A long the way, he bumps into southern belle socialite con-artist Ms Bransford, played by the delightful

Jodie Foster.  She gives Bret a run for his (literal) money as they are two peas from the same pod.   To complete the trio, Marshall Zane Cooper (played by

James Garner) joins in the journey.

Of course when you have James Garner in the remake in a leading role, you have to wonder if there is more to his character.  Of course there is, and not to throw away a huge plot spoiler, turns out to be Bret’s father.  This is fairly obvious, especially if you keep an eye out for some in-your-face cues (for example every time Bret says my pappy would always say the camera cuts to Cooper).

Maverick captures the vastness of the old west with wonderful sweeping panoramic views of the dusty west with intricate old style town and steam boat details.   Scenes not seen since the old John Wayne era of westerns.

There are some wonderful set-pieces that rival the stunts from the likes of John Ford in Stagecoach.   For example, the scene with the three of them in a galloping runaway coach, with a driver that has died, is not only impressive, but extremely funny in both physical comedy and dialogue.

Speaking of speaking, the dialogue in this movie is spot-on, with a flow and a natural delivery of lines that doesn’t feel like you are being fed a list of smart one-liners.   This movie has far more to give than the trailer undersells.

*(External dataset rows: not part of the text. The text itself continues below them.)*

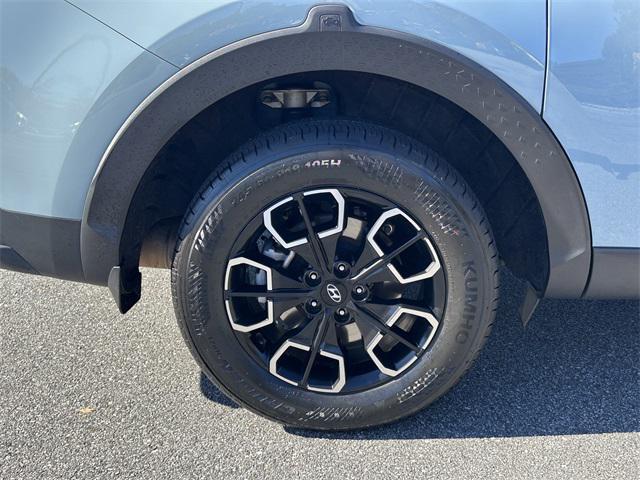 used 2023 Hyundai SANTA CRUZ car, priced at $19,888
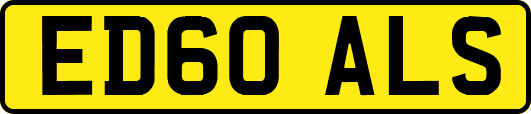 ED60ALS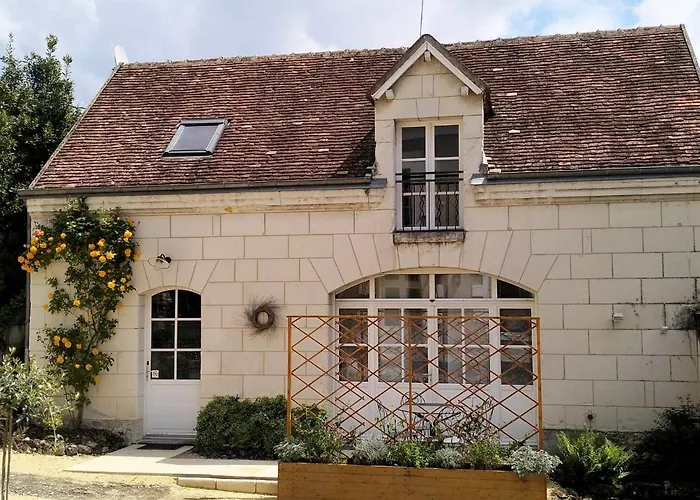 Le Gite Des Marguerites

Annabelle: What is it with you and Indians anyway?
Maverick: Oh, nothing. I try and shoot one a day, if possible, before noon. How ‘bout you, Coop? I figure it’s their fault for being on our land before we got here.

This movie comes post-Lethal Weapon for Gibson, and with that, keep your eyes open for some nods to that series with some very well placed cameos.  There are a number, so if you think you have seen the one, there are more.

This is a big cast, with

Graham Greene reprising a very street smart post-DancesWithWolves Indian, Alfred Molina as Bret’s main nemesis and finally

James Coburn as the host of the final poker game.

A special note to the soundtrack of this movie.   It can be hard to track down the actual score of the movie, as oppose to the mainstream version of all the vocal tracks.  The score is infinitely better and breaths life into each scene.

This outing is not without its flaws but those shouldn’t be held against it for it is trying to do.  We forget that before we had Robert Downey Jr. playing the smart-arse good-looking cocky lead, we had Mel Gibson pioneering this role.   Lethal Weapon, Air America, Bird on a wire and Maverick all proved he had this genre mastered.   Though it was a crown he was to give up later in his career.

Being a huge John Wayne fan that grew up on western re-runs, this movie marked a nice nod to that era without over doing it.  Thoroughly enjoyable romp.